• _Available data_
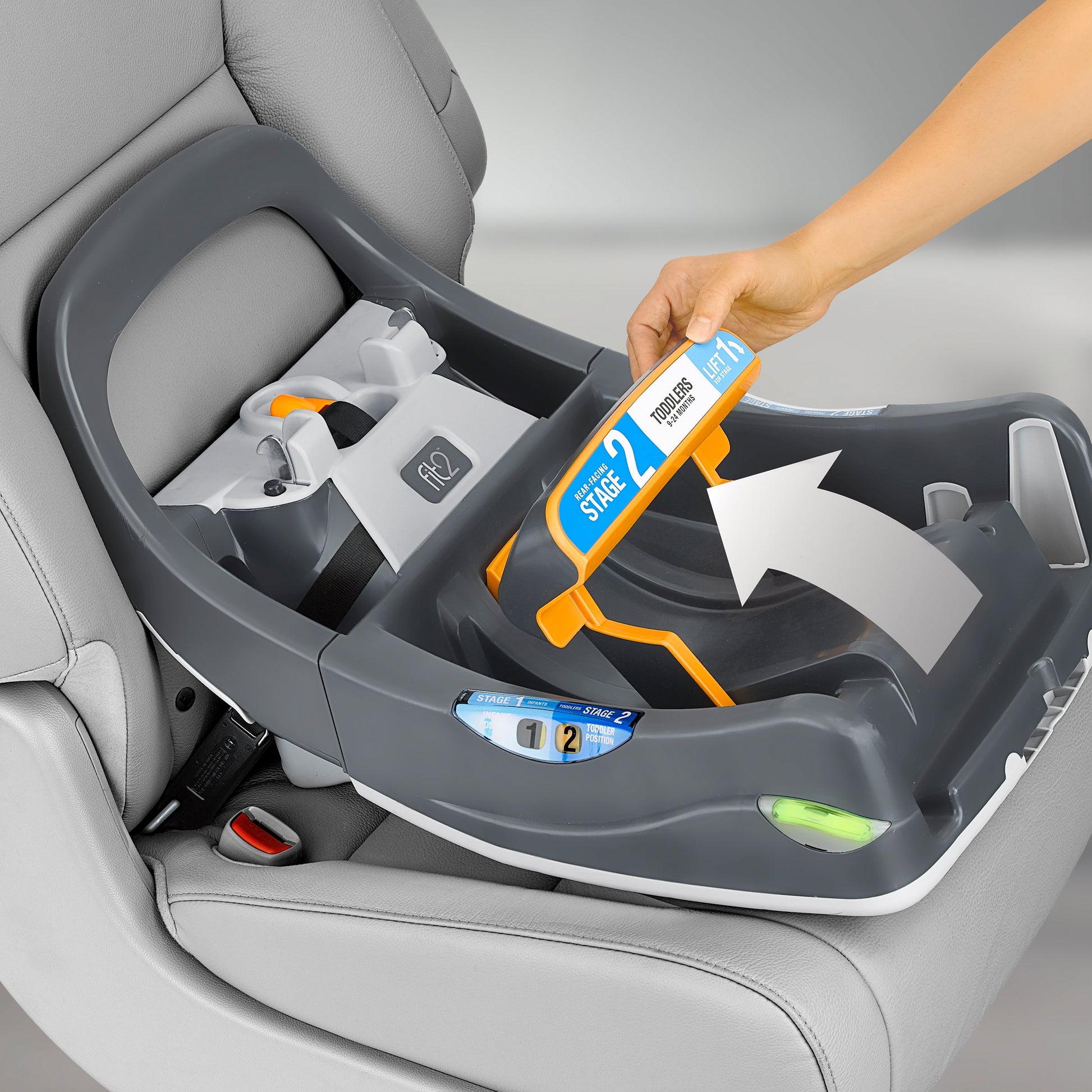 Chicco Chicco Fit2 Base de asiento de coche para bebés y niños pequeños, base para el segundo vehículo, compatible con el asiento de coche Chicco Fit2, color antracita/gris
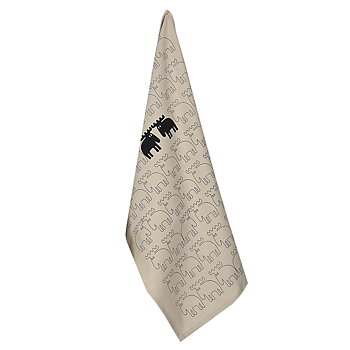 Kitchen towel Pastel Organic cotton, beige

---

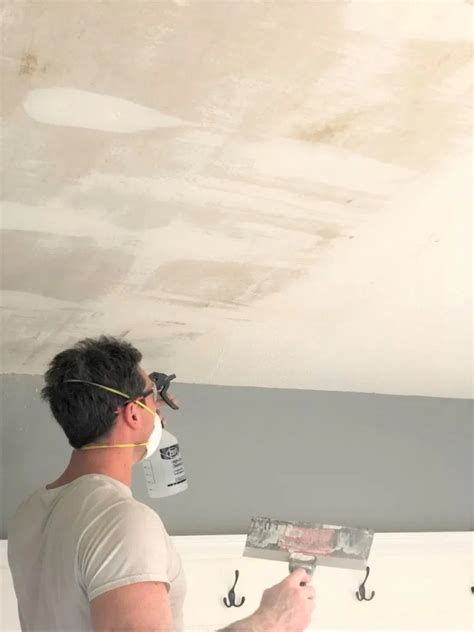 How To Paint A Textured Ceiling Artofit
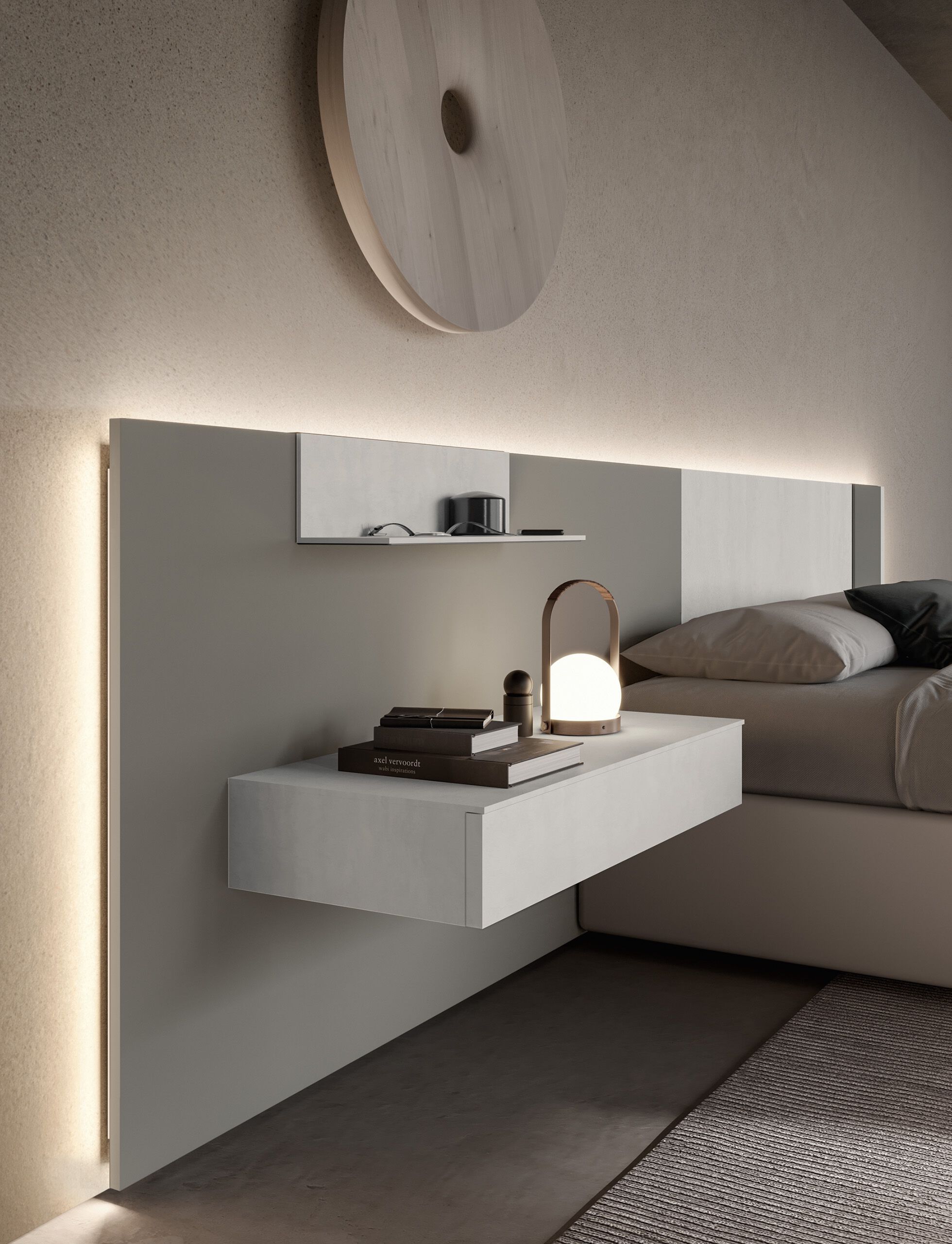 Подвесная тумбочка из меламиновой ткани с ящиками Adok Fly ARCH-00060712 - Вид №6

...

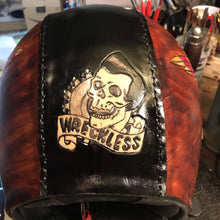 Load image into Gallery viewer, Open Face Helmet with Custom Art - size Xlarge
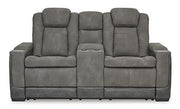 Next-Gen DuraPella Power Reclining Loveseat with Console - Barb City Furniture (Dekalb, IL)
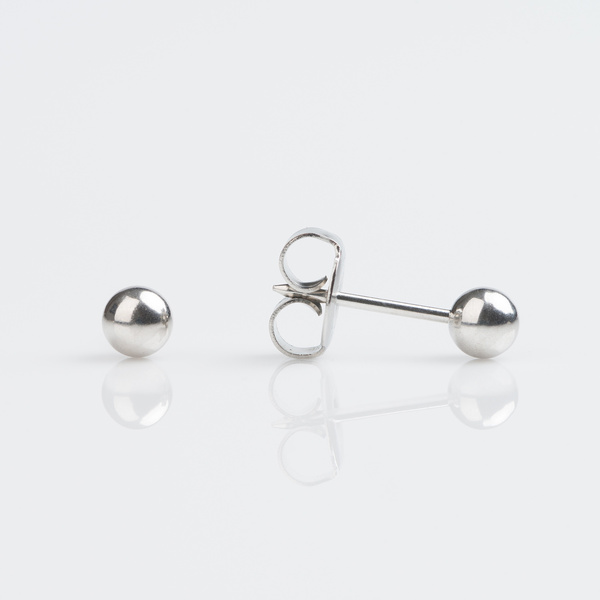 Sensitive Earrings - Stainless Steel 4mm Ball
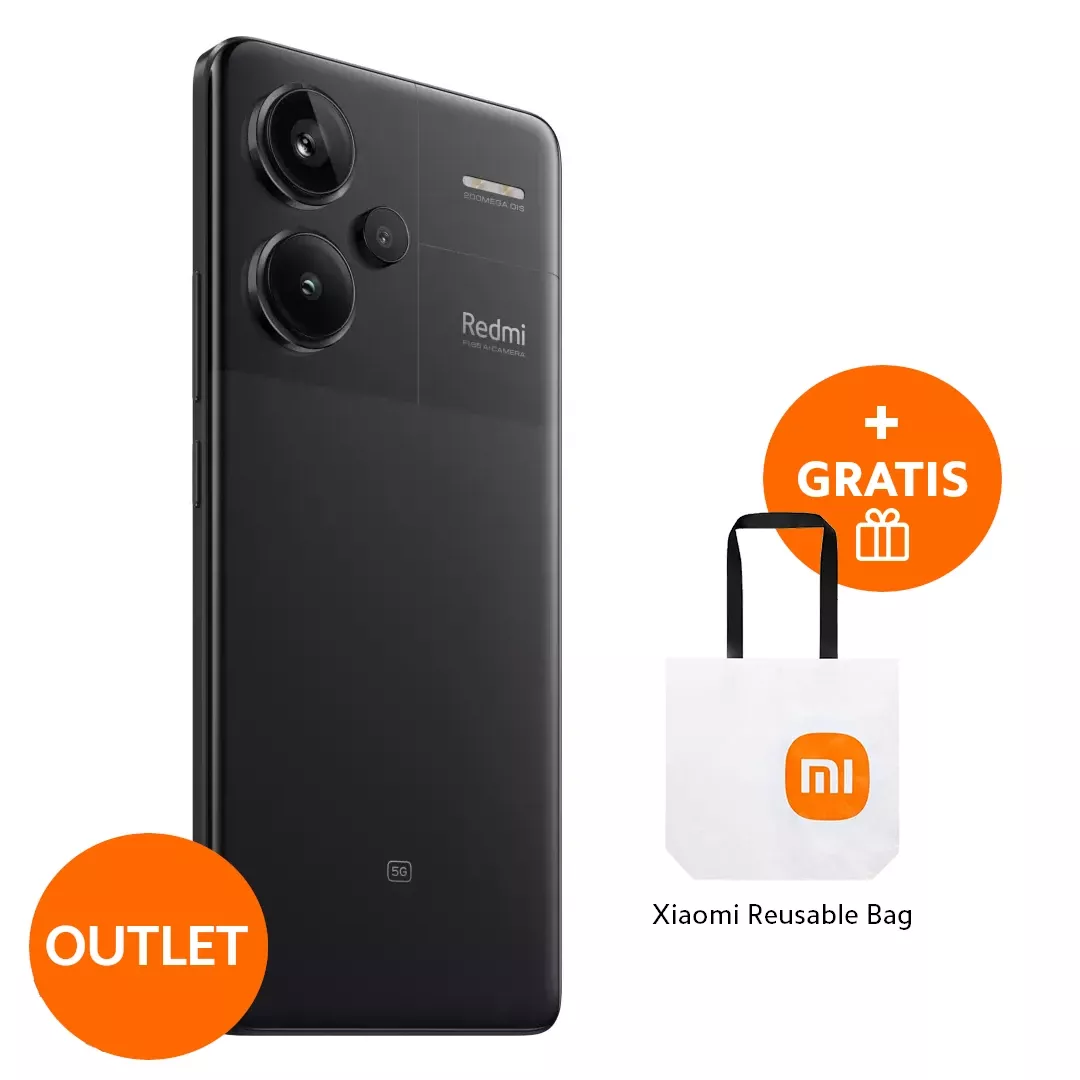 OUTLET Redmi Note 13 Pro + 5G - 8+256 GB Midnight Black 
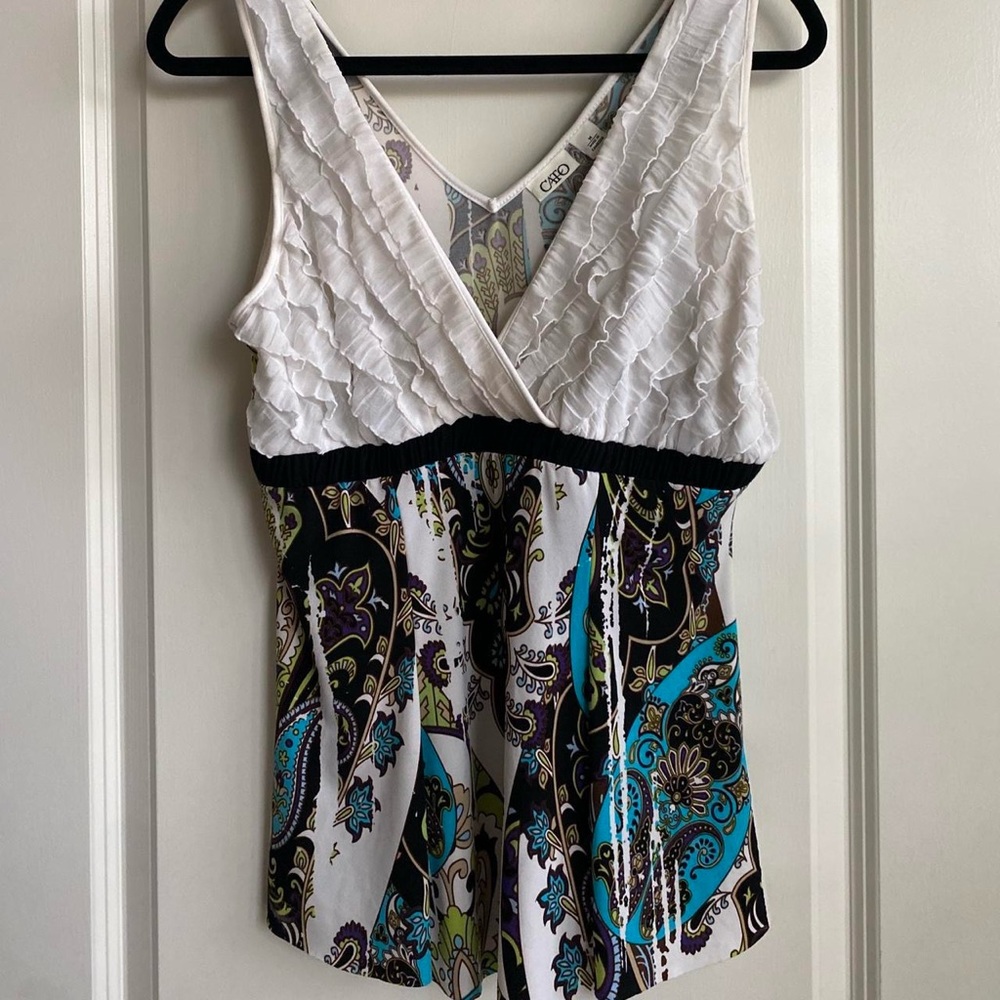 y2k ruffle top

• _Work to be completed_
Those lines of the records above that run from the one containing "How To Paint A Textured Ceiling Artofit" through the one containing "Подвесная тумбочка из" should be returned exactly, with no pictures among them.

• _Output for this task_
 How To Paint A Textured Ceiling Artofit
 Подвесная тумбочка из меламиновой ткани с ящиками Adok Fly ARCH-00060712 - Вид №6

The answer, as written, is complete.